# 90-Two CC?



## FullClip (Mar 15, 2009)

I have had my 90-Two for 3 years now & I just got my CC license .
Anyone here carry it?
What holster style do you use?
I am here in FL w/ the average temp 95 so I am in Shorts & T's
Anyone have any suggestions?

I will be getting a Glock 27 when I get the money but in the mean time...


----------



## Scratchshooter40 (Jun 17, 2008)

*90-Two CCW*

Try galco.com and do a search by weapon type and you will come up with quite a few options for CCW. I use a Galco shoulder rig in the winter and an S.O.B. for the Beretta 96 I carry CCW as well as a 92FS sometimes. Their quality is fantastic, you won't be dissappointed. Their SILHOUETTE HIGH RIDE HOLSTER worn near the middle of your back would probably be a great option. Good luck in your search.


----------



## beretta-neo (Mar 11, 2009)

I just got a 92FS. If you figure something out, let us know how it goes. Maybe I will try it.


----------



## Bullseye (May 14, 2007)

Im in Florida too. I use a high ride holster for my P99. I haven't carried the Beretta yet. slight cant, loose fitting button up (short sleeve) shirt untucked. Covers it pretty good but sometimes can see a bulge. Certain types of shirts cover it better than others. When I find the good ones that have that certain type of cut to them, I usually go back for a few more.
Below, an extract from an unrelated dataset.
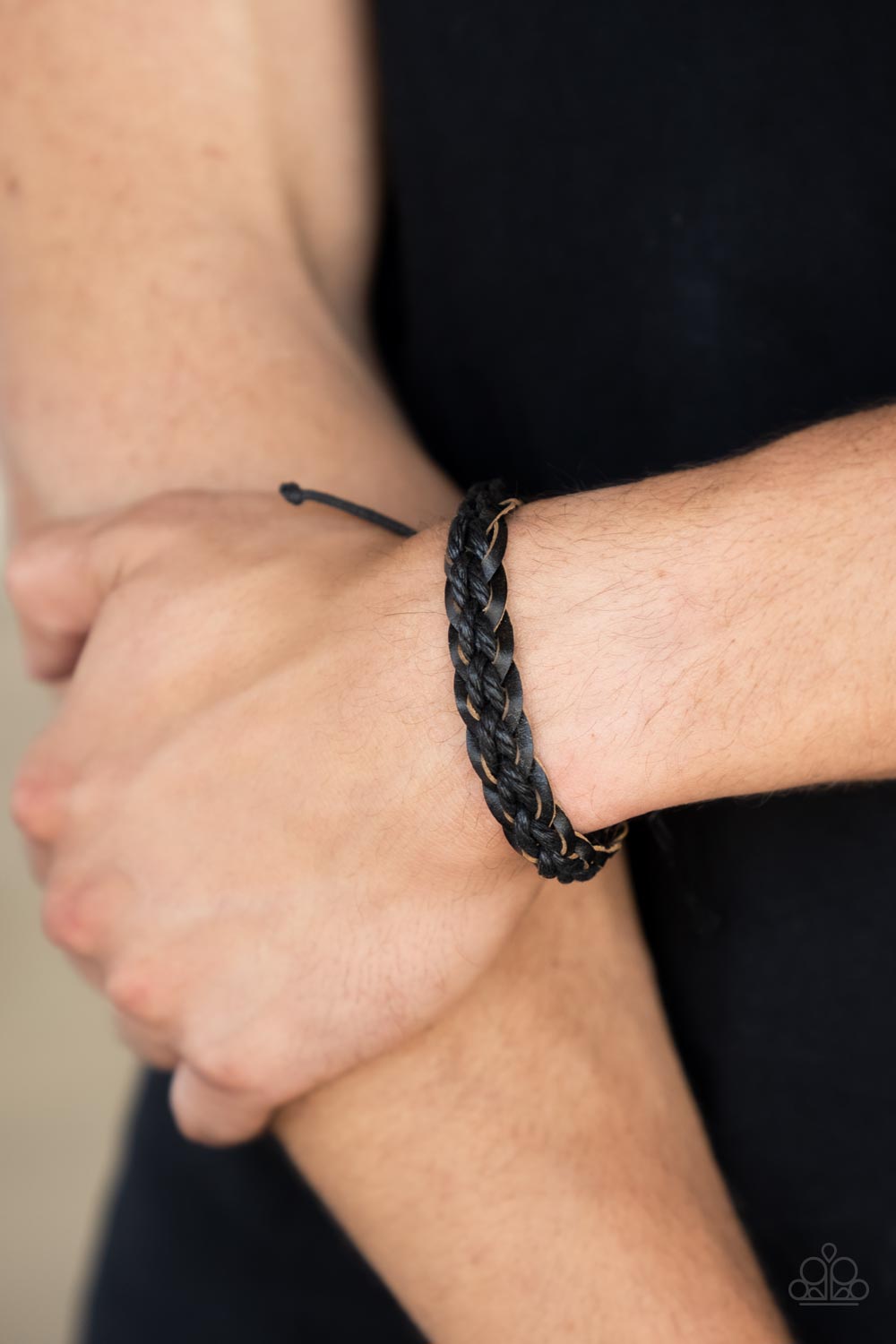 Black cording is woven through the center of braided black leather creating a trendy style around the wrist.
When I have to dress up and cant dress that way, then its a S&W 442 in an ankle holster or Kel tec in the pocket.


----------



## Tuefelhunden (Nov 20, 2006)

Im gonna sound like a broken record because I have stated this once or twice before but a belly band works well for many full size handguns especially the 92FS (90-two is very similar). As minimal as it gets for holster thickness and works tucked in shirt or untucked over shirt. Just an option to consider and typically they are inexpensive to boot. I don't carry everything all the time in thme but for a full size weapon I like this method the best.


----------



## gunwolf72 (Sep 27, 2009)

crossbreed supertuck iwb


----------